Task statement |
Span requested from the data below: the line with "Mercedes-Benz C 180" through the line with "Morgan Silver Dollar", both included. Give only these lines again, exactly, and leave every picture out.

Material to process |
########
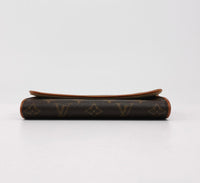 Louis Vuitton Monogram Long Flap Shoulder Bag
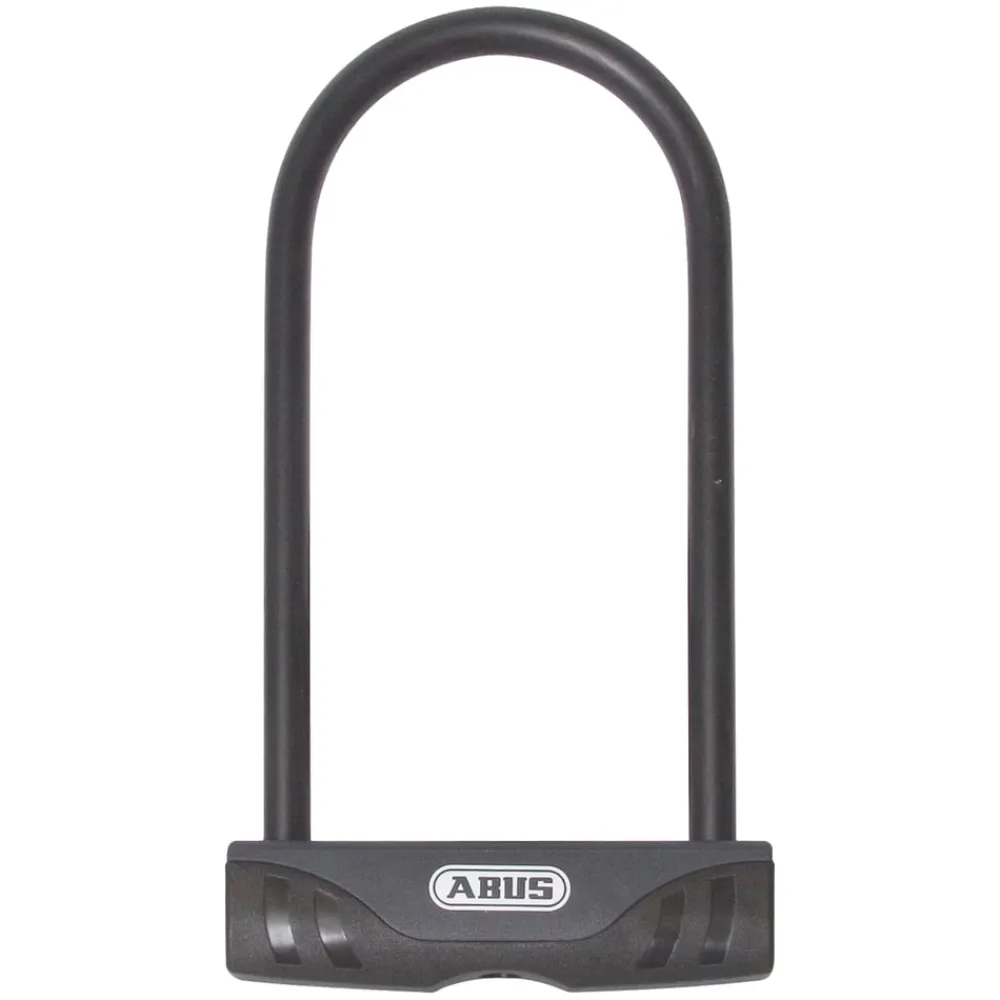 Abus Fritid|Sykkelbelysning|Robust bøylelås U-lock 7601
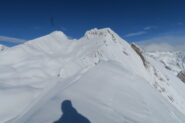 il Gran Creton dalla cima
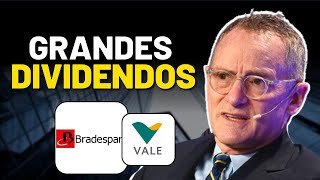 BRADESPAR ESTA DE GRAÇA 1502 DE DIVIDEND YIELD VALE A PENA INVESTIR EM BRAP4 OU VALE3 [upl. by Mahda]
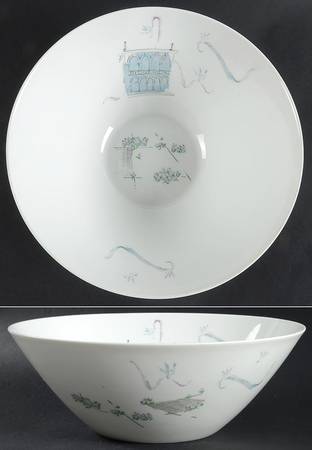 Plaza 10" Large Salad Serving Bowl
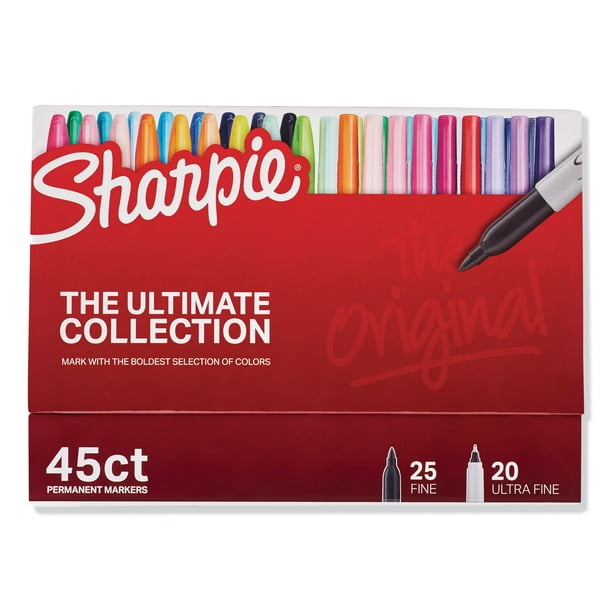Sharpie Ulitmate Pack Marqueurs 45/Pkg-Cosmic, Couleurs Assorties et Conseils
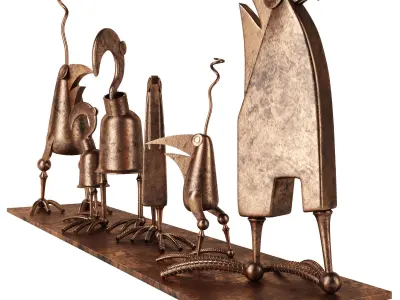 Decorative Birds VOL 1 3D model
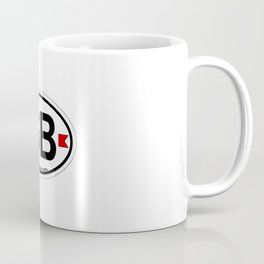 South Beach - Miami. Coffee Mug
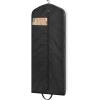 imageMISSLO 54quot Garment Bags for Travel for Women Waterproof Dress Bags for Gowns Long Dress Cover for Gowns Black 1 Pack1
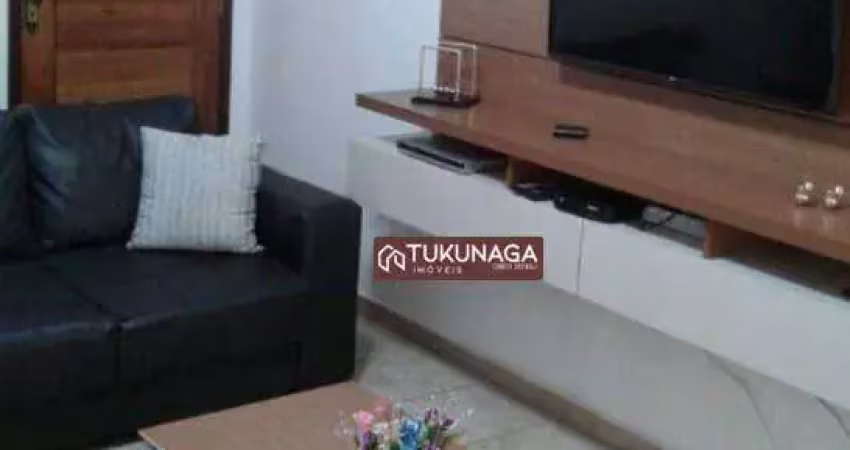 Apartamento com 3 dormitórios à venda, 127 m² por r$ 410.000,00 - centro - guarulhos/sp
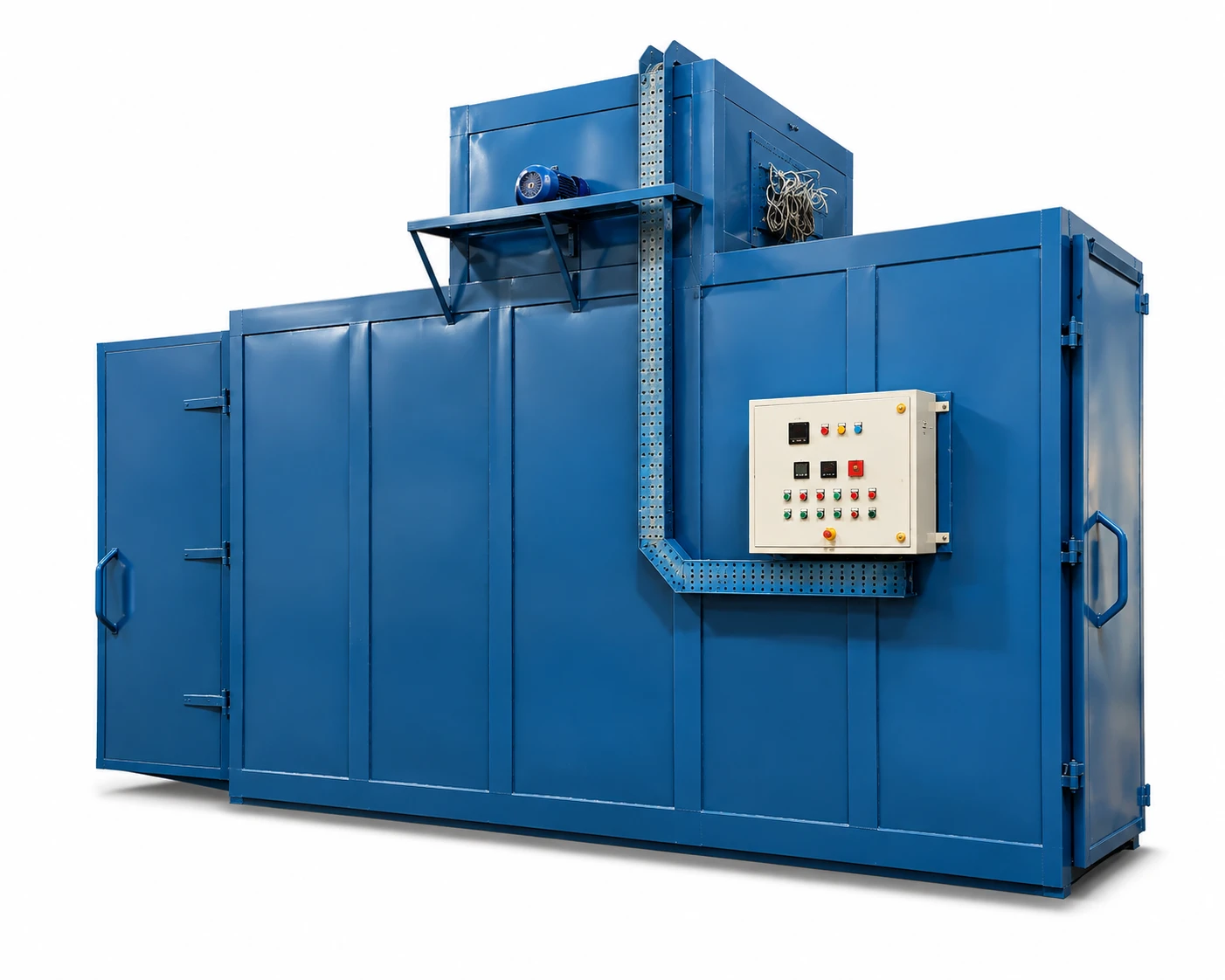 Industrial Powder Coating Oven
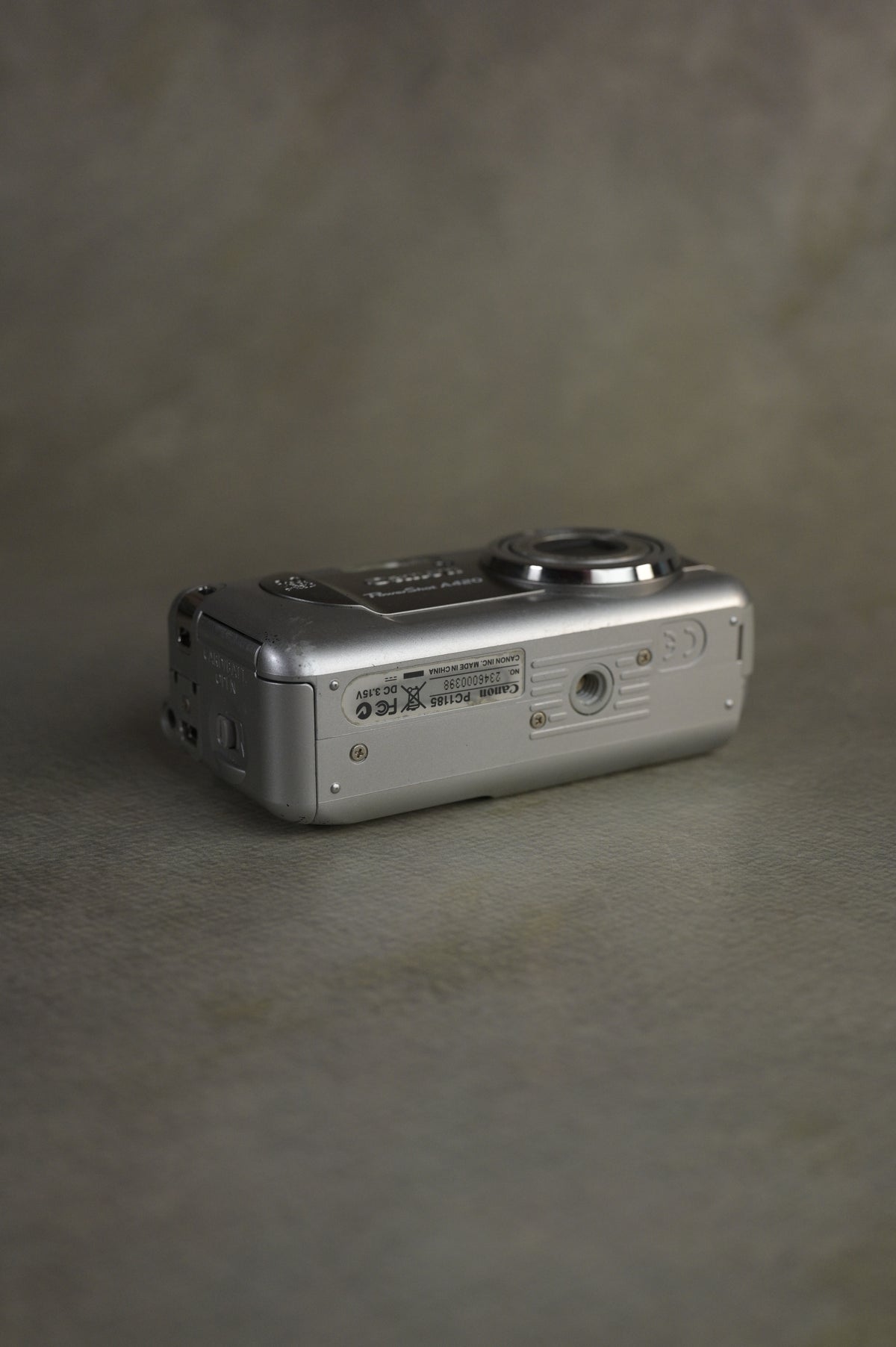 Canon PowerShot A420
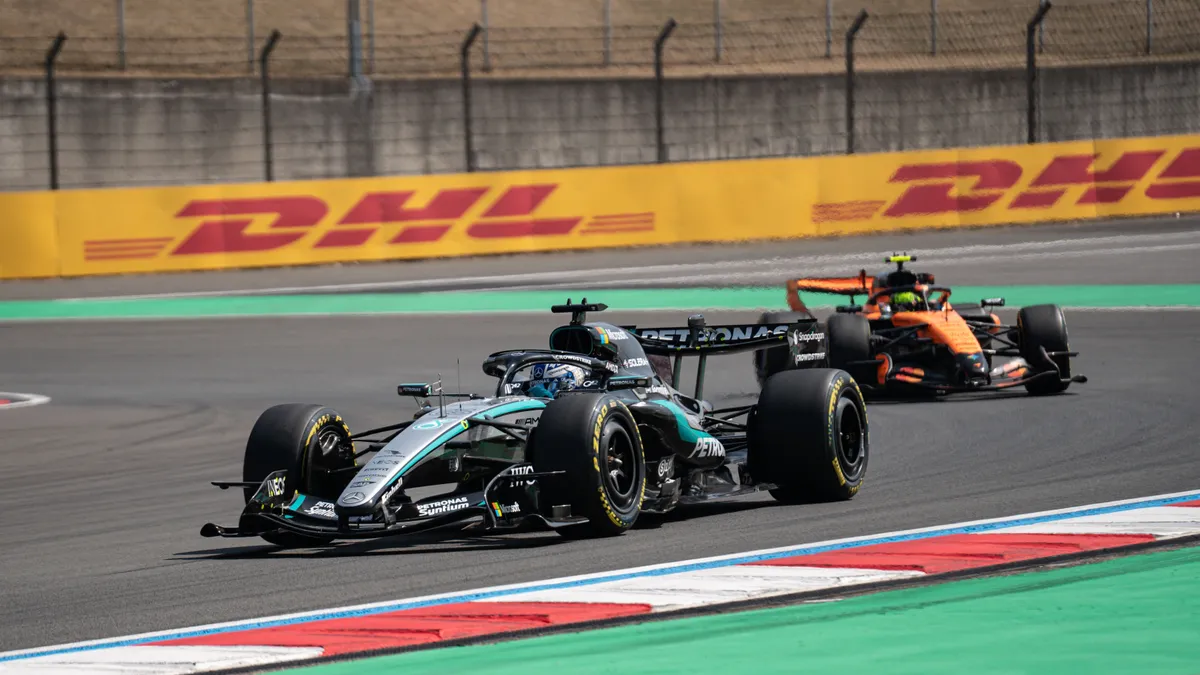 A McLaren egyelőre csak a Mercedes mögött kullog az idei Forma-1-es szezonban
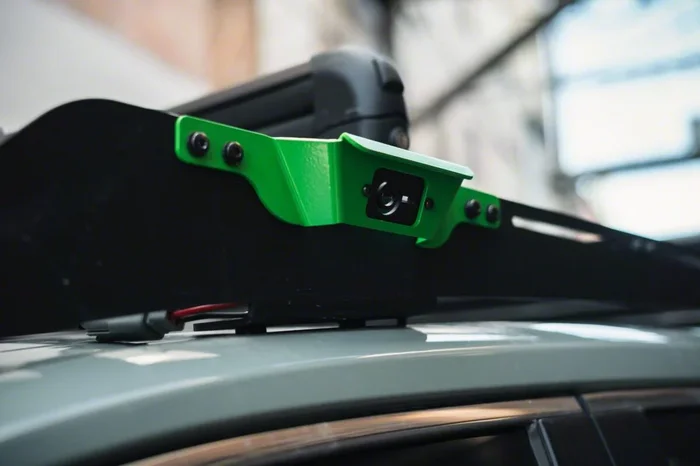 Prinsu Ridgeline Handles; Green (Universal; Some Adaptation May Be Required)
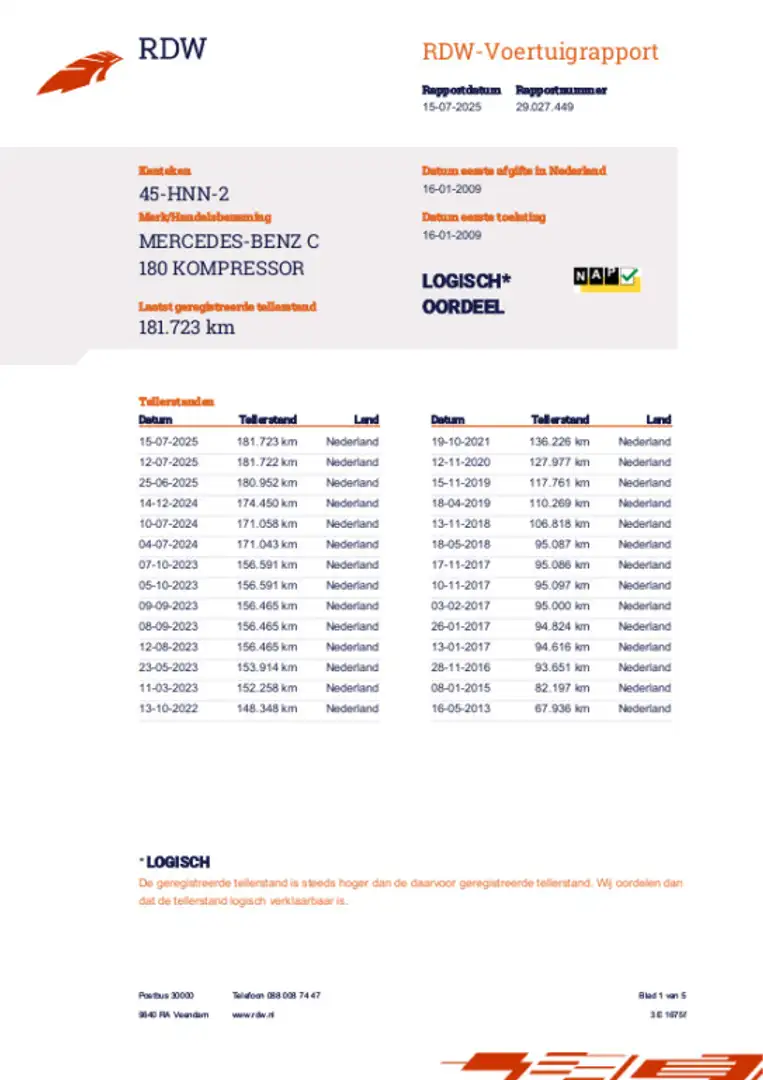 Mercedes-Benz C 180 Estate K 156 PK Business Class NAVI,LEER,CLIMA,TRE Gris - 2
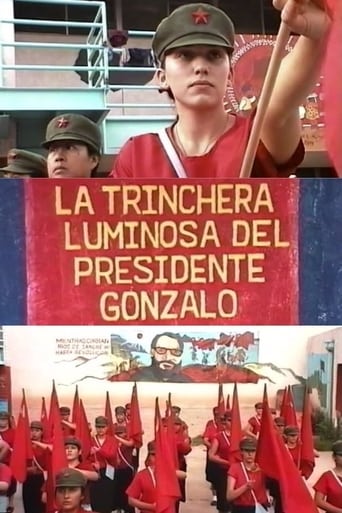 Poster of The Shining Trench of Chairman Gonzalo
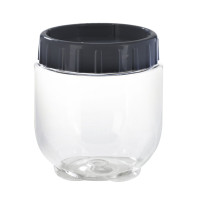 Barattolo Bokolock in PET con coperchio (PET1)  H110mm 750ml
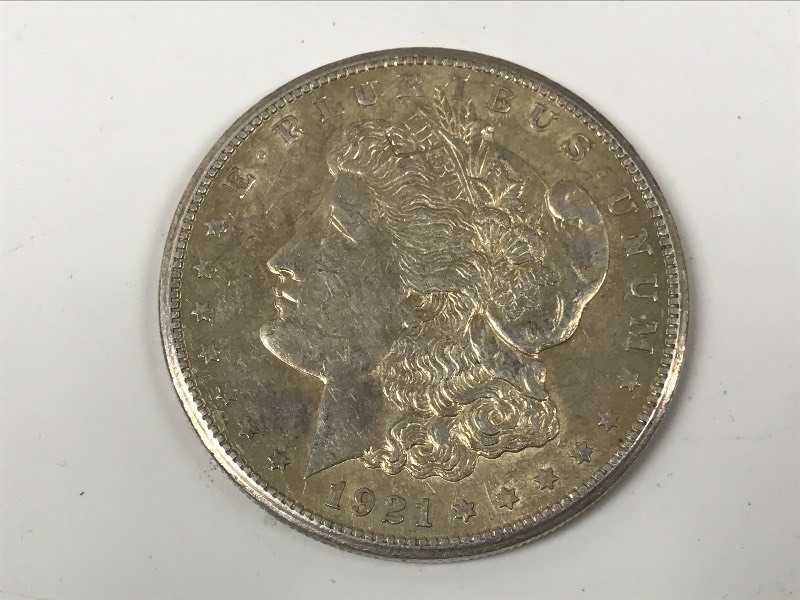 Morgan Silver Dollar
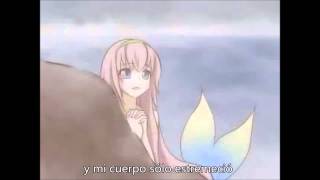 Megurine Luka V4X_The Little Mermaid/人魚姫(en español)[VOCALOID 4]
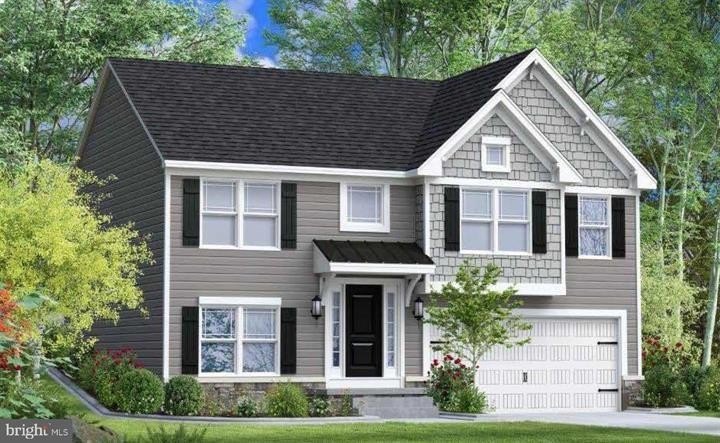 Customized Hanover By Gemcrafit Homes is a modern raised ranch - Beach Home for sale in Greenbackville, Virginia on Beachhouse.com
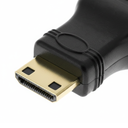 Adaptador HDMI a Mini HDMI, para Tablet Smart Phone Tv Lc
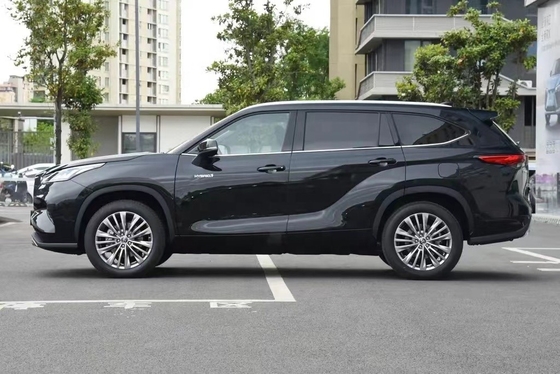 2023 Left Hand Drive Toyota Highlander SUV Auto con condizionatore automatico Made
########
Final answer |
 Mercedes-Benz C 180 Estate K 156 PK Business Class NAVI,LEER,CLIMA,TRE Gris - 2
 Poster of The Shining Trench of Chairman Gonzalo
 Barattolo Bokolock in PET con coperchio (PET1)  H110mm 750ml
 Morgan Silver Dollar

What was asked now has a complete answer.